News Roundup: JP Morgan Dumps Coal Financing

JP Morgan Dumps Financing of New Coal Mines

JPMorgan Chase announced it will no longer finance new “greenfield” coal projects in high income countries due to climate change concerns.

The bank’s official Environmental and Social Policy Framework states that it will only finance new coal plants in lower-income countries that employ “ultra-supercritical steam generation technology.”

“We believe the financial services sector has an important role to play as governments implement policies to combat climate change,” the document said.

JPMorgan joins a growing list of financial institutions including Bank of America Corp., Goldman Sachs, Citigroup Inc., Morgan Stanley and Wells Fargo & Co. that have pledged to accelerate investment in clean energy and scale back support for coal projects (CleanTechIQ profiled Goldman Sachs and Bank of America’s cleantech initiatives, click here.)

The announcements are part of a broader divestment campaign, including 500 investors representing $3.4 tillion in assets announcing divestment from fossil fuels in December during COP21 in Paris.

Favorable Economics Drive Large Companies’ Green Push

Large U.S. companies are acting on their own volition to be greener through wind, solar and other clean-energy sources by taking advantage of a decrease in renewable-energy prices.

Lower prices have made it easier for companies to voluntarily cut emissions and buy clean energy, including Whole Foods Market Inc. and General Motors Co., which have doubled their renewable energy usage, according to the Wall Street Journal. Meanwhile companies such as Salesforce.com embarked on a serious green push this past year.
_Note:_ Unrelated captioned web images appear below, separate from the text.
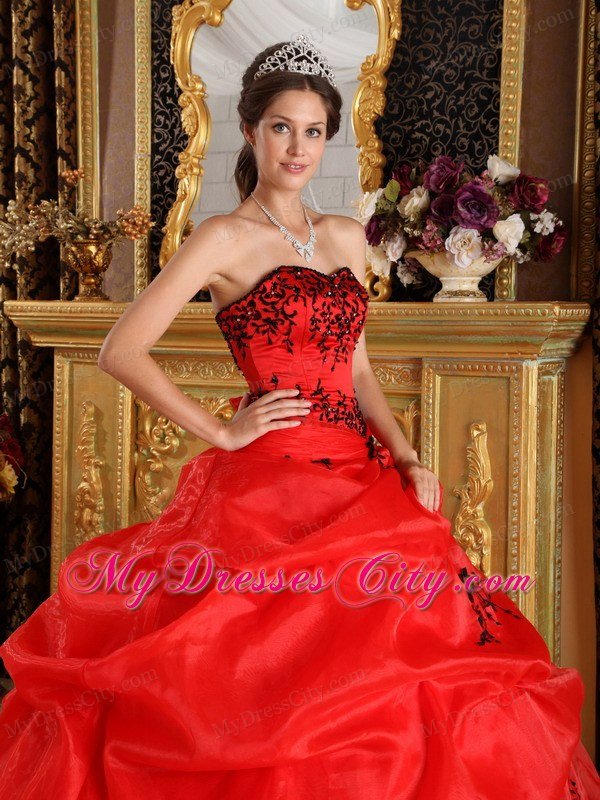 Simple Red Ball Gown Sweetheart Embroidery Long Quinceanera Dresses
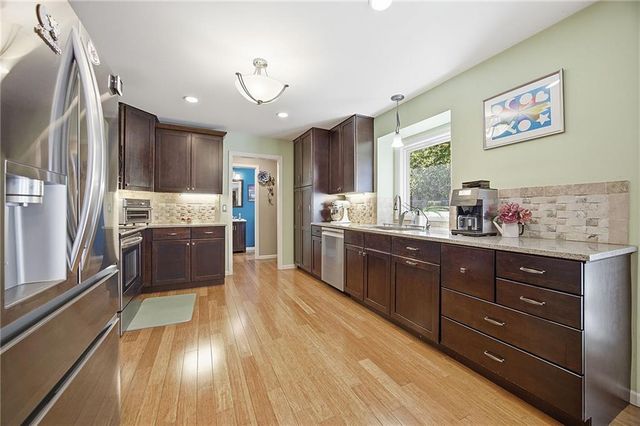 15506 W 92nd Place, Lenexa, KS 66219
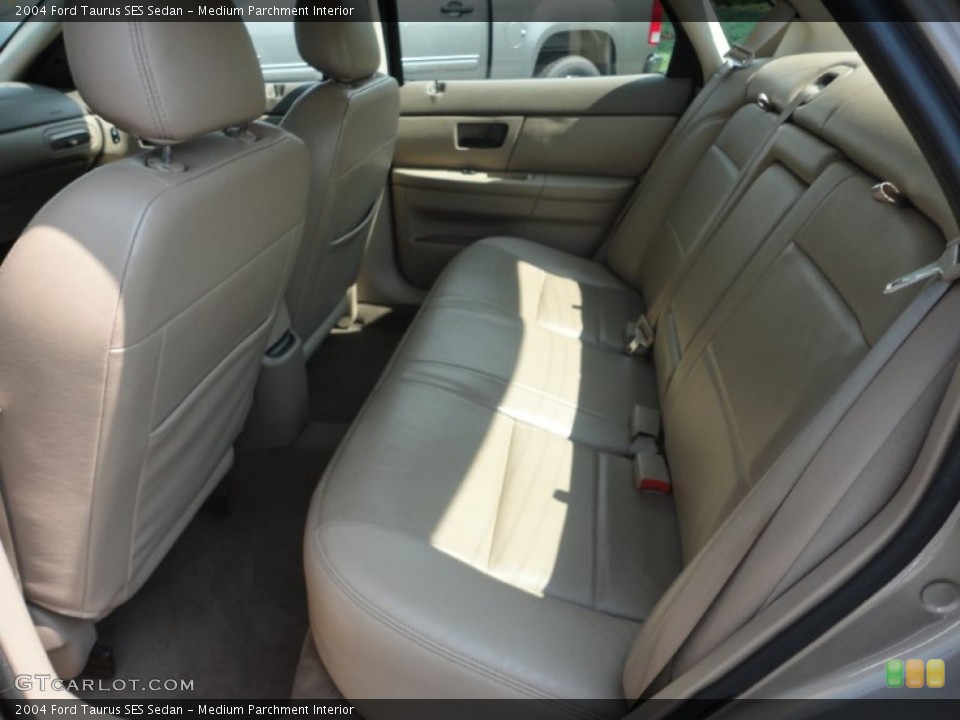 Medium Parchment Interior Photo for the 2004 Ford Taurus SES Sedan #52346322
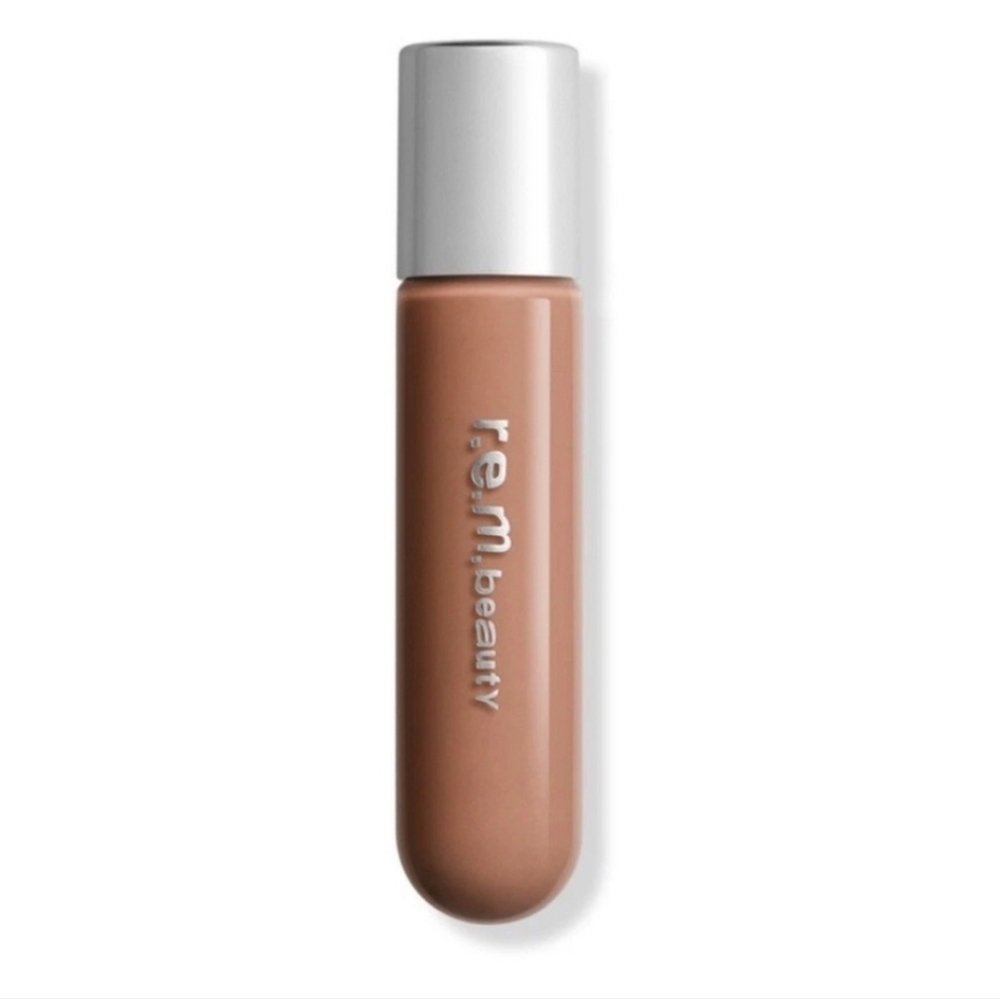 NIB R.E.M. Beauty On Your Collar Plumping Lip Gloss In Away Message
Whole Foods has joined with solar providers, NRG and SolarCity, to boost the number of rooftop solar units on the company’s U.S. stores, according to a recent release on the firm’s website. The goal is to install up to 100 additional solar rooftop units on Whole Foods stores, the release notes.

Overall, U.S. companies in 2015 agreed to purchase 3,440 megawatts of solar and wind power under long-term contract, the Wall Street Journal notes. That’s about three times the amount companies bought in 2014, Herve Touati, research director at the Rocky Mountain Institute, a clean-energy think tank.

ARPA-E Gives Bill Gates, Elon Musk A Run

The Advanced Research Project Agency-Energy (ARPA-E), a U.S. federal government agency tasked with sourcing and funding potential game-changing clean technologies, doesn’t carry the popular appeal of a Bill Gates and Bill Musk, but the agency’s head says her group is giving the billionaires a run in the development of the next-generation of battery storage, according to The Guardian.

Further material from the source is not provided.